I decided to double down on my home working setup this week by adding an additional monitor and a whiteboard to my very small broom cupboard that doubles as an office. I felt somewhat guilty adding a third monitor to my setup which already looks like a prop from The Matrix, but it was borne from frustration of doing several bits of work where I need to compare two or more documents + have a video call open + take notes.

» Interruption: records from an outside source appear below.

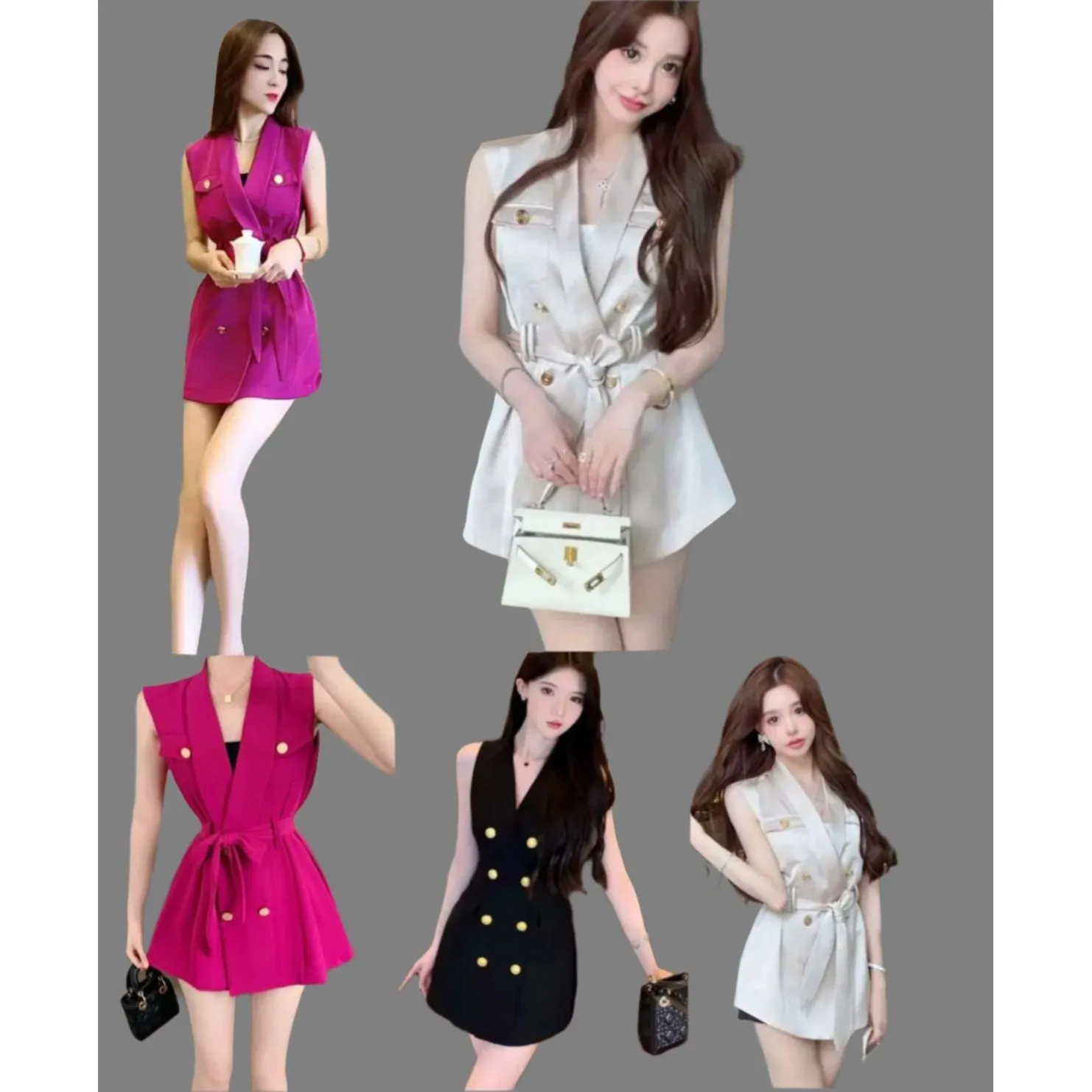 Ruffle Trim Double Breasted Belted Vest Blazer and short set .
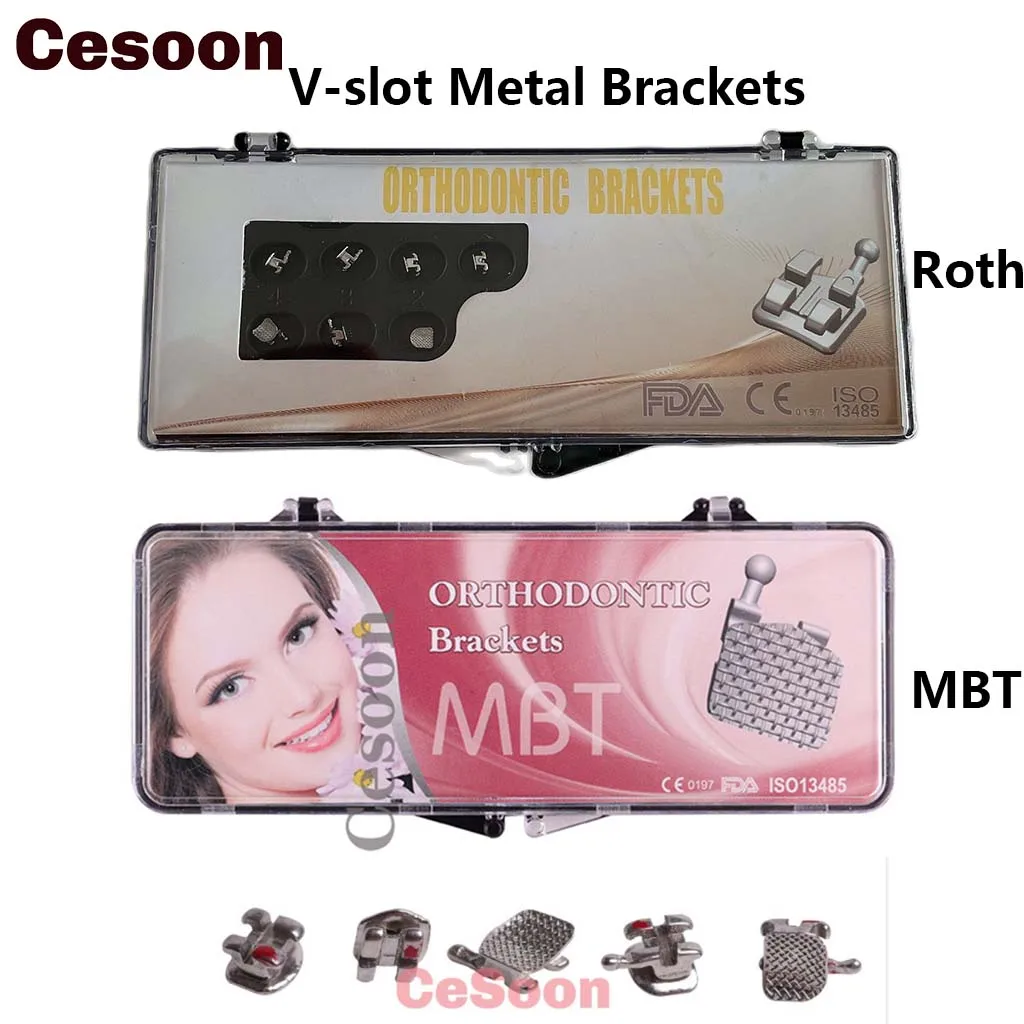 

20Pcs/Box Dental Orthodontic V-slot Metal Bracket Braces Vertical Slot Brackets Mini Roth/MBT 0.022 345 Hooks Dentist Materials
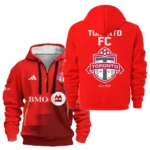 Street-Style Hoodie Half Zipper, Modern Sports Logo HVN1056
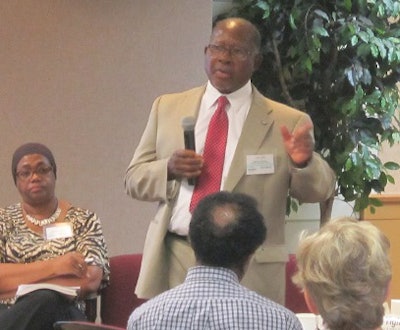 Dr. Otis A. Thomas, professor and former dean, addresses a group at a training forum aimed at helping HBCUs develop their international program capabilities.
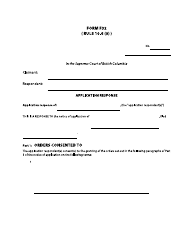 Document preview: Form F32 Application Response - British Columbia, Canada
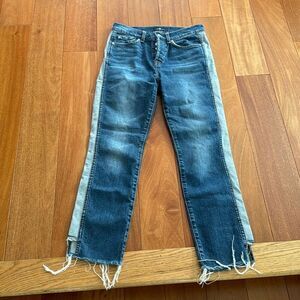 7 For All Mankind two tone tuxedo raw hem jeans size 26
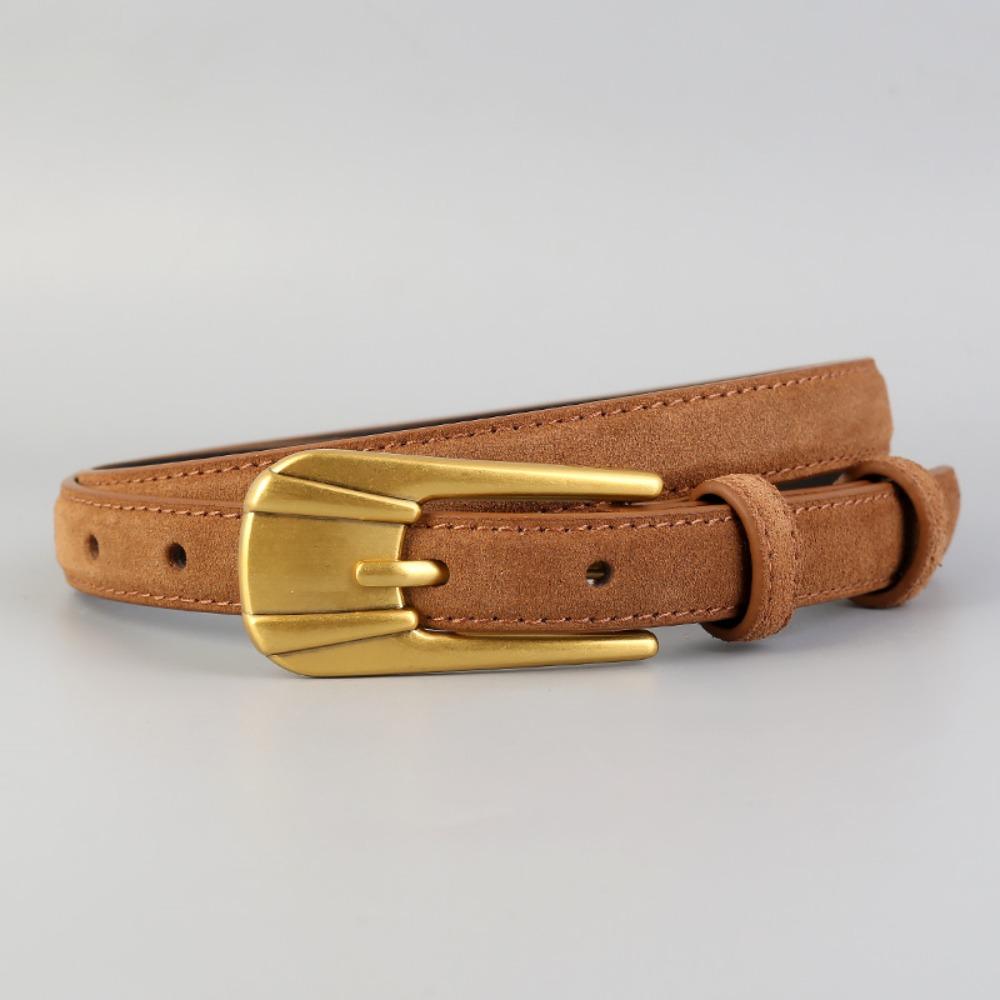 Pure Color Cowboy Belt Suede Leather Decorative Belt New Slim Waist Belt  for Women Skirt Jeans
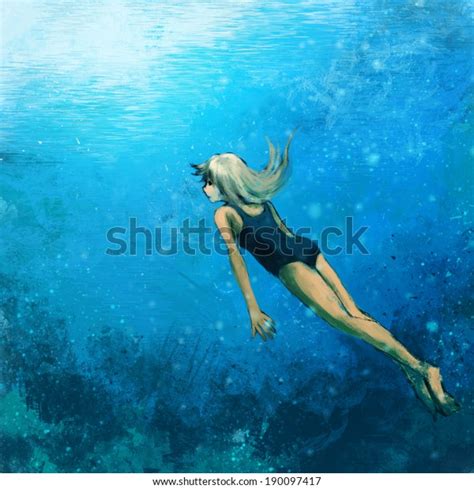 Woman Swimming Underwater Rough Painting Illustration Stock Illustration 190097417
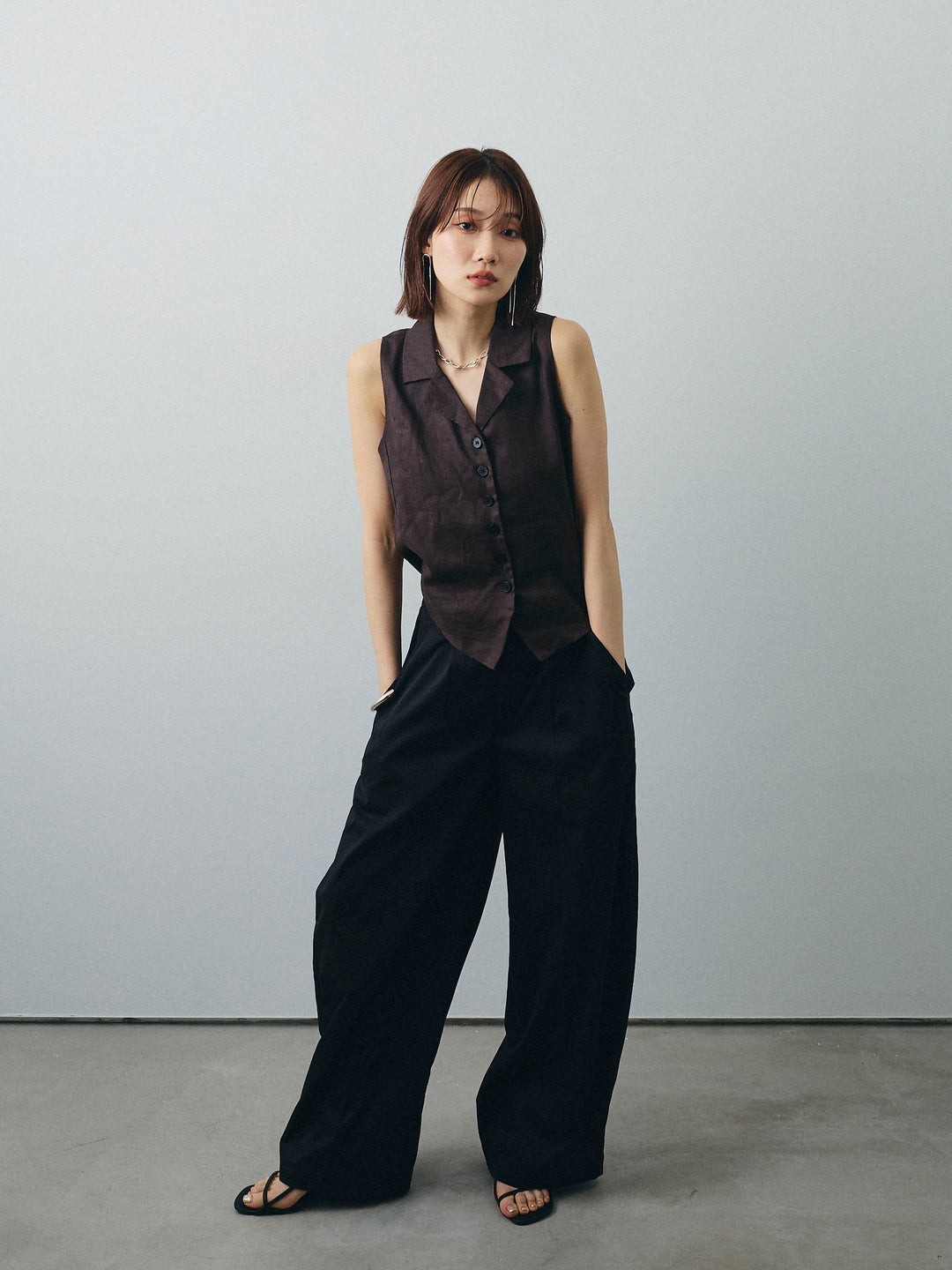 [予約]コクーンワイドチノパンツ/ブラック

I’ll write up my logic for how I use the screen for different workflow if anyone is interested.
I think the whiteboard purchase came from a yearning to get back to physically writing/drawing things after working with digital tools for a while. I mean, obviously the digital version is easier to share and collaborate on, but I’ve situated the whiteboard behind me so theoretically I could use it on video calls with colleauges. And to be honest, sometimes I just want to noodle around to draw things out myself. Could end up not using it all that much, but it was worth a £20 punt.
Early in December I was frantically trying to finish off work for the OU course I was doing on Design Thinking. As a result, I was doing a lot of work on the design process and the value of abstracting to be able to reframe a problem or challenge so
We talk a lot about ‘making it easy to do the right thing’. And of course, making things easy paradoxically takes lots of hard work to strip out needless complexity. So perhaps there’s an element of abstraction in everything we do? We might frame this as ‘leaning’ a process. Higher levels of abstraction may be really going back to first principles and figuring out what the irreducable core looks like.
Mid-week I listened to a comittee hearing from Welsh Gov on the impact of remote work. Opinion still seems very divided on whether knowledge workers are ever coming back full time to office spaces, with talk about local hubs being offered as potentially less isolated spaces where people can come to work AND (bonus) support local business.